> [TASK TO CARRY OUT]: Nothing but the pictures should be dropped; repeat the rest of the data below exactly.

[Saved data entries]
--------------------------------

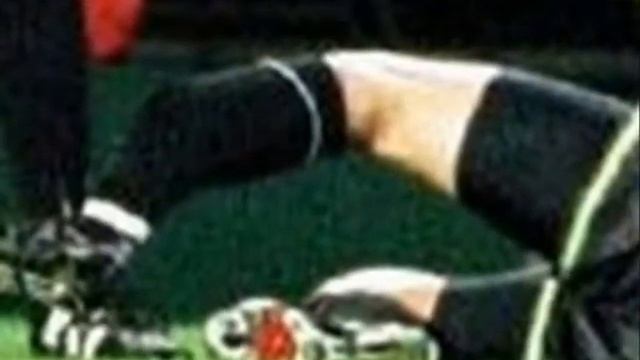 Worst_Sport_Injuries_lose his leg.flv смотреть онлайн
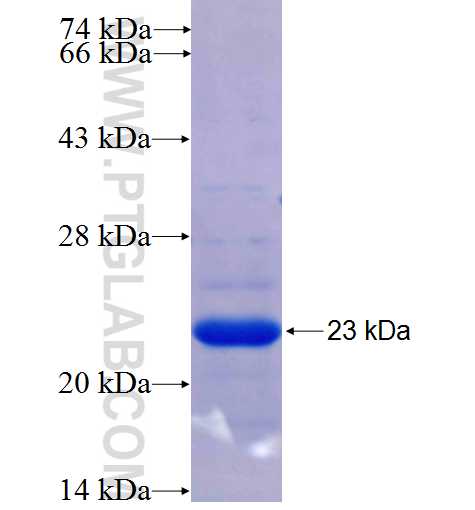 PRKAB1 fusion protein Ag25521 SDS-PAGE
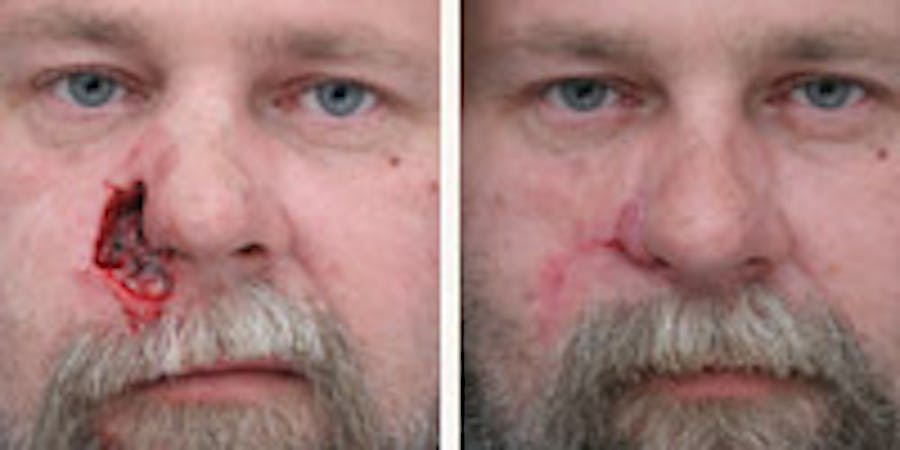 Before and after photos of patient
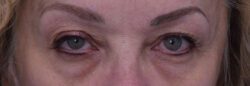 Blepharoplasty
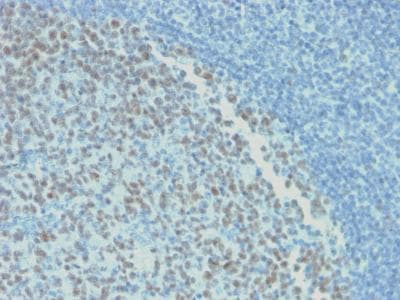 BCL6 Antibody (aa256-389, clone rBCL6/1718)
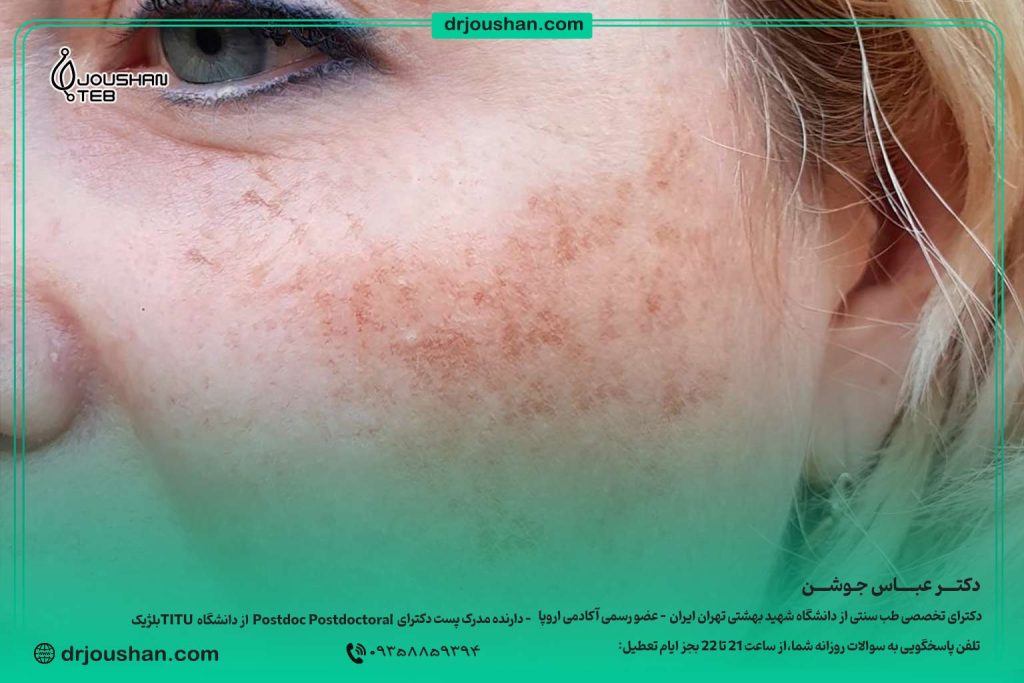 علت-لکه-قهوه-ای-صورت-دکترعباس-جوشن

--------------------------------

> [COMPLETED TASK]:
 Worst_Sport_Injuries_lose his leg.flv смотреть онлайн
 PRKAB1 fusion protein Ag25521 SDS-PAGE
 Before and after photos of patient
 Blepharoplasty
 BCL6 Antibody (aa256-389, clone rBCL6/1718)
 علت-لکه-قهوه-ای-صورت-دکترعباس-جوشن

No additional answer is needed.